WHAT IS BEING ASKED
Restate every line below word for word, but drop each picture.

DATA PROVIDED
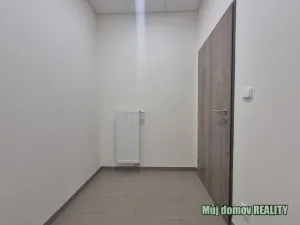 Pronájem skladu, Praha - Hostivař, K pérovně, 550 m2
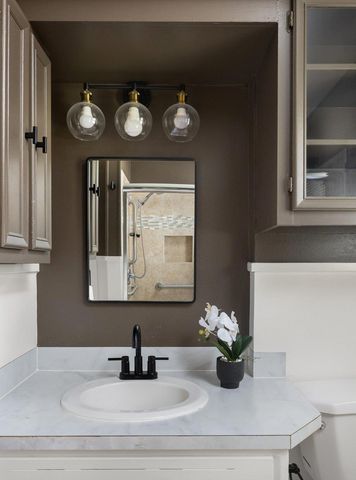 5105 Plumas LN, Austin, TX 78745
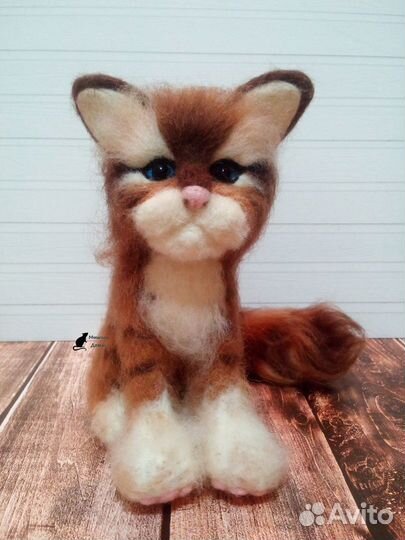 Кот Мурзик валяный ручной работы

RESPONSE FOR THIS EXERCISE
 Pronájem skladu, Praha - Hostivař, K pérovně, 550 m2
 5105 Plumas LN, Austin, TX 78745
 Кот Мурзик валяный ручной работы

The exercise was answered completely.